Personal information
- Born:: March 10, 1961 (age 64) Walnut Grove, California, U.S.
- Height:: 6 ft 2 in (1.88 m)
- Weight:: 200 lb (91 kg)

Career information
- High school:: Delta (Clarksburg, California)
- College:: UC Davis
- NFL draft:: 1984: 2nd round, 54th pick

Career history
- Houston Oilers (1984–1987); San Francisco 49ers (1988)*;
- * Offseason and/or practice squad member only

Career highlights and awards
- Third-team All-American (1983);

Career NFL statistics
- Interceptions:: 6
- Fumble recoveries:: 2
- Sacks:: 3.5
- Stats at Pro Football Reference

= Bo Eason =

American football player (born 1961)

Bo Eason (born March 10, 1961) is an American actor, playwright, author, motivational speaker, and former football player.

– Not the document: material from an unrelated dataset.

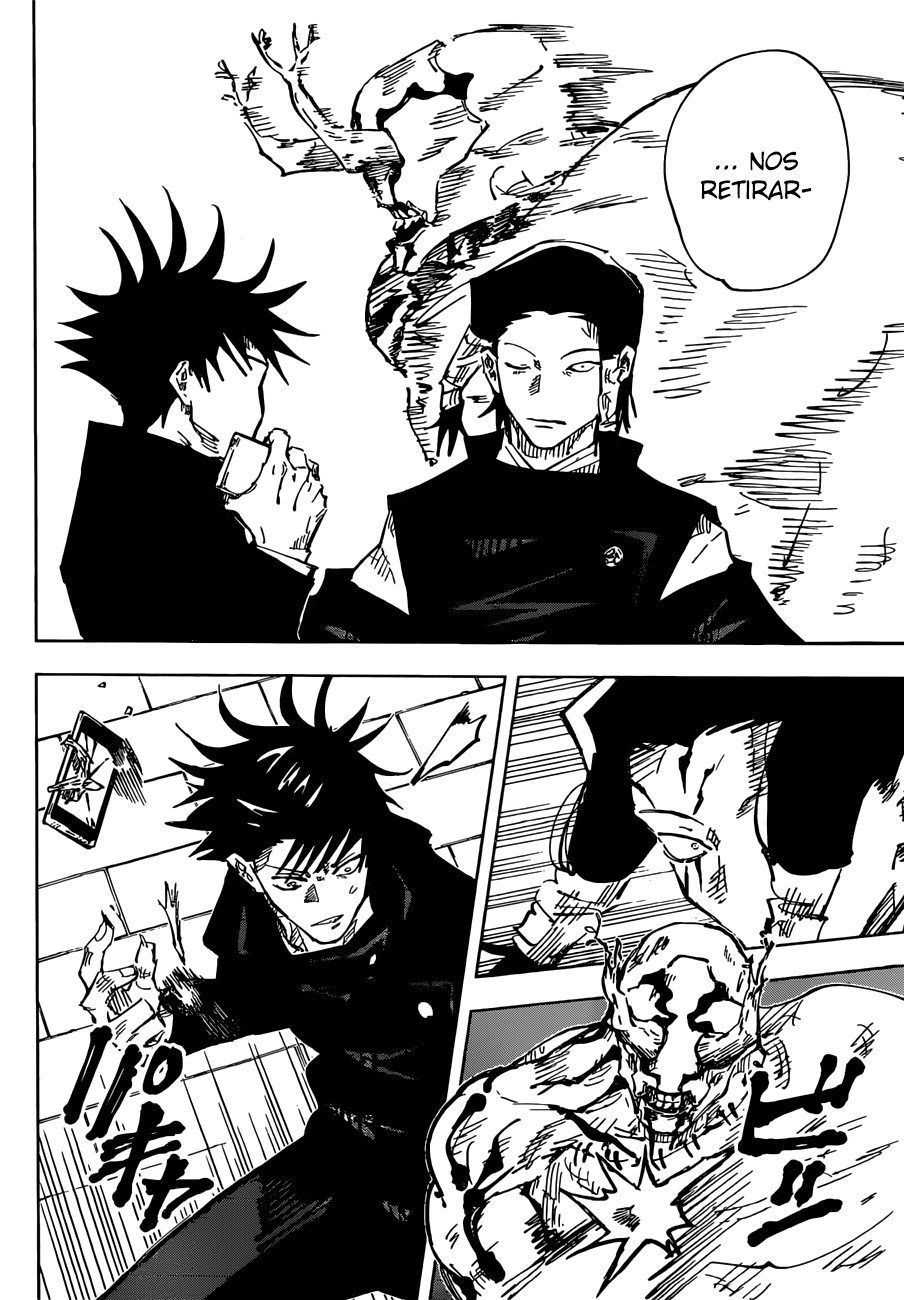Read Jujutsu Kaisen PT Manga Online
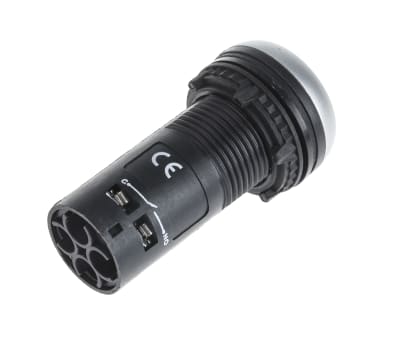 Product image for Red 1 NC Spring Return Pushbutton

He played safety for four seasons for the Houston Oilers of the National Football League (NFL). He played college football for the UC Davis Aggies and was selected by the Oilers in the second round of the 1984 NFL draft.

== Early life ==
Eason was born and raised in Walnut Grove, California. His brother, Tony Eason, also played in the NFL. After graduating from Delta High School in Clarksburg, California, he played football for the UC Davis Aggies at the University of California, Davis. He was recognized as a third-team All-American as a senior.

== Career ==
Eason was selected by the Houston Oilers in the second round of the 1984 NFL Draft. In 1986, Eason's season ended with a broken ankle in contest against the Miami Dolphins. He signed with the San Francisco 49ers in the 1988 offseason, but suffered a knee injury in training camp, ending his season and career.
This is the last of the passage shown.